ENTERING A WORLD OF MAGIC

Click here to return to the main menu.

If you’re like me, and I hope for your spouse’s sake you’re not, then you have often wondered aloud, “Gee, I wonder what it would be like to hike Mt. Everest, all the while carrying a 30-pound Mexican jumping bean.”

And that, sir, is why the parole board will not grant you your freedom.

But for the rest of you who wonder that, wonder no more. You need not travel all the way across the world and deal with messy larval customs issues, nosirree. You can experience the exact same thrill by taking my 18-month old daughter to Disney World.

Yes, my family has returned intact from Disney, marking my daughter’s maiden voyage to the happiest place on earth, although whoever coined that slogan clearly did not do so after hitting four parks in three days.

Don’t get me wrong: we had a great time. In fact, we had a magical time, as is mandated by Disney officials. But I can safely say I have logged all of the necessary exercise for at least the next seven or eight years.

We arrived at around 9:30 the first night. While standing in line at the hotel, I found that some people did not check their frowns at the door, as my wife had instructed me to do. (When my wife gets near Disney, she is overcome with cuteness like that, and you feel like if you make fun of her, Walt Disney will smite you from the beyond. Or at the very least make the lines long.) I was standing in line waiting when the woman in front of me turned and said, “This line ain’t moving fast enough. I just need to check out. My brother-in-law’s friend got his face blowed off and we gots to get home.” Let me reiterate to important points to this story: (1) I was at Disney, a HAPPY place and (2) I did not know this woman. I am sorry for her loss, but couldn’t she have shared it with someone else, such as the total stranger in front of her in line?

Shares-too-much woman aside, we finally got settled in. The next morning, we awoke, full of gusto and ready to take on the Magic Kingdom. My daughter was very excited, but then again, she is always very excited. She cheers when she sees bananas, after all.

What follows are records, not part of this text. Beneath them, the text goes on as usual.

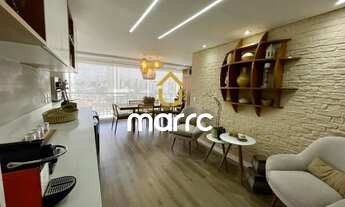 Imagem 5: Maravilhoso apartamento a venda de porteira fechada no Helbo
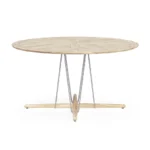 E008 Embrace matbord Ø140 cm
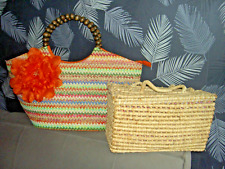 Lot sac orange d'occasion  France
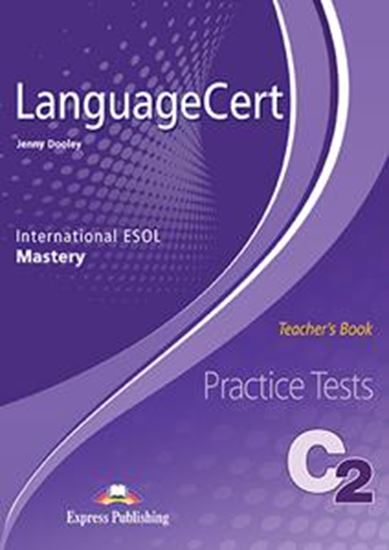 Εικόνα από LANGUAGE CERT ESOL C2 - MASTERY TEACHER'S (+DIGI-BOOK APPLICATION)
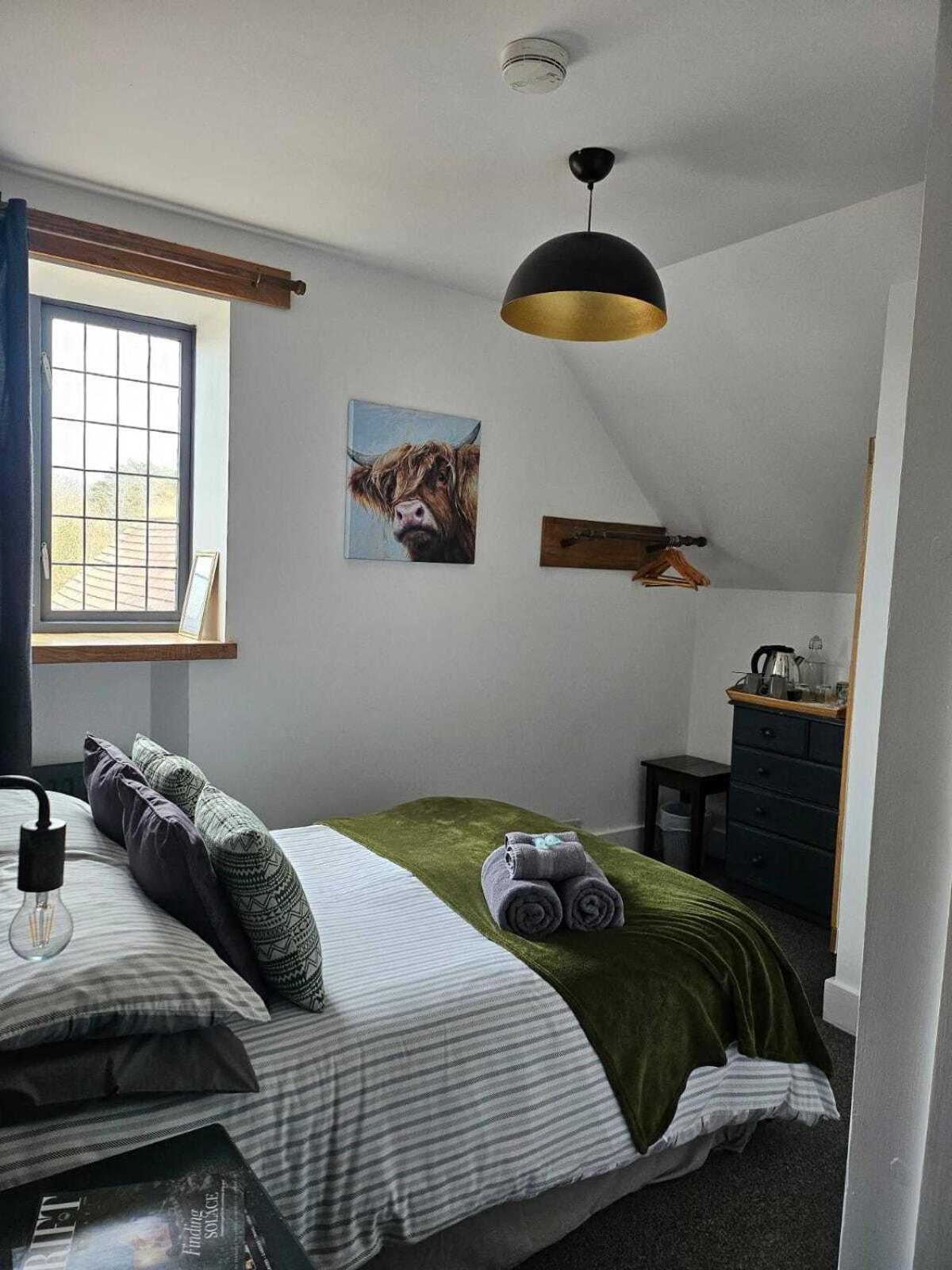 Widemouth Manor Hotel Bude Værelse billede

We met up with my mother-in-law at the park and proceeded to enter Disney for the first time in my young daughter’s life. When we walked onto Main Street, USA, I watched my daughter’s eyes to see if they would light up when she saw Cinderella’s Castle. I think a better description would be one of sheer terror as she saw a 7-foot dog strolling towards her. She quickly scurried up the first available adult and screamed “No! No! No!” Ah, Goofy – fun loving huggable character for five-year-olds, powerful nightmare generator for one-and-a-half year olds.

Once she enacted her Disney character restraining order, we were good to go. The first ride we went on, of course, was “It’s a Small World.” (Side note: OK, show of hands, who’s got that song stuck in their head now? Thought so.) She sat in wild-eyed wonder at the little characters, while I timed the ride. Do you realize that it is a 10-minute ride? That’s a long time to hear any song, much less one sung by creepy animatronic midgets.

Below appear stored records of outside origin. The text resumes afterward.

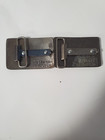 2 Daisy Red Ryder Belt Buckles 90th Anniversary   1976  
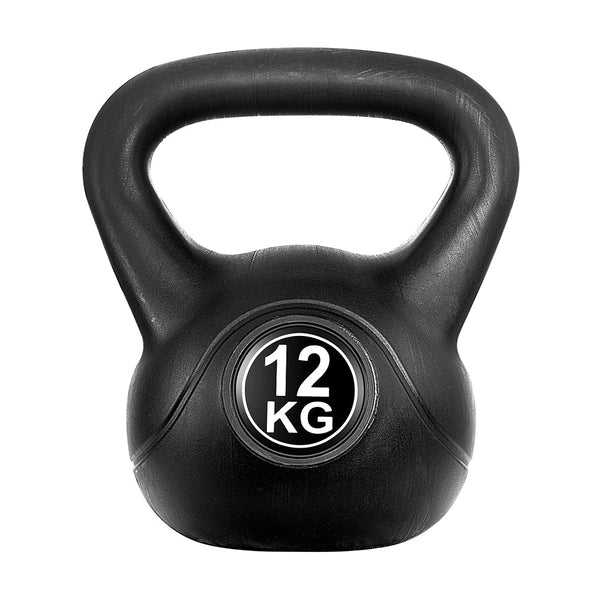 12kg Kettlebell Kettlebells Kettle Bell Bells Kit Weight Fitness Exercise Does not apply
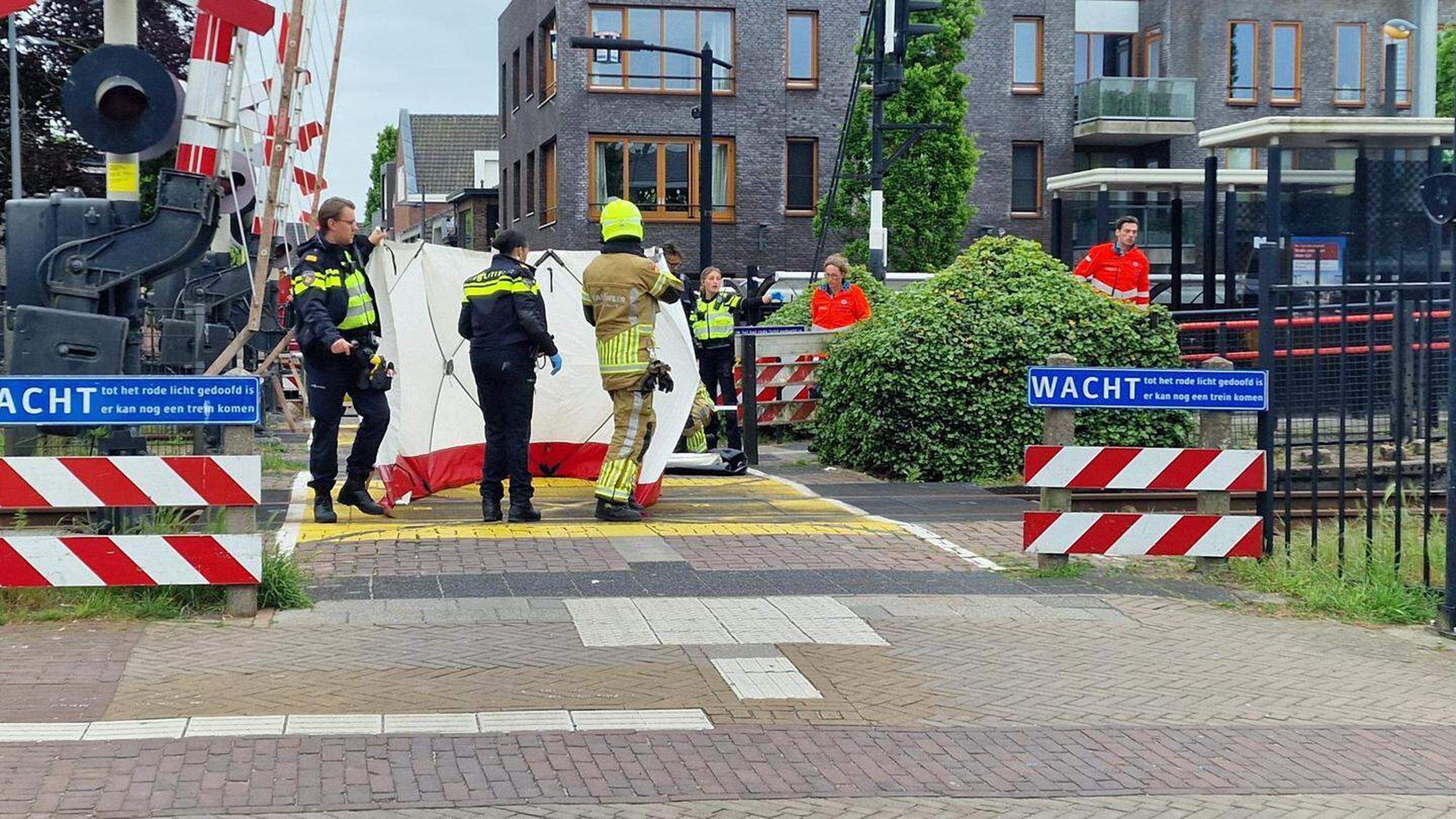 Advies verkeersdeskundige zes jaar lang genegeerd op dodelijke spoorwegkruising bij station Heiloo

After the Small World ride, we decided to stroll the park and take in the sights. My wife and mother-in-law decided to ride Splash Mountain, a log flume ride that drops down a steep hill and gets you soaking wet. I bravely volunteered to wait outside with my daughter and feed her Goldfish. Man, does the girl love seafood!

OK, so they were the Goldfish crackers. My daughter was in her stroller, minding her own Goldfish business, when a ruthless, blood-thirsty grackle screamed to her stroller, perched briefly on the tray, grabbed a Goldfish with its beak and flew off. My daughter turned and stared at me, as if I was supposed to do something. Hey, you’re talking about a man who has been attacked on three separate occasions by birds. I was already ducking for cover when it started its approach. My daughter continued to stare at her weak excuse for a father, as if thinking, “Of all the fathers, I get the one who’s scared of a grackle?”

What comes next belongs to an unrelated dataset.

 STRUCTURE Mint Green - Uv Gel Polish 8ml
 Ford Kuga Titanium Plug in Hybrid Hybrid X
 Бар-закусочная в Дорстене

When the rest of my party returned, I tried to relate the horror of the grackle incident. And you know what they did? They laughed. They thought it was funny. My child was almost dragged from her stroller, flying-monkey-style, and they laugh!?!?! Sheesh.

The rest of the day went off without any bird attacks. We rode several more rides, some with great results, others with not so great results. Tip to you future park goers: Pirates of the Caribbean is A LOT darker and spookier than I remember it. Score after day one: Nightmares 2, Daughter 0.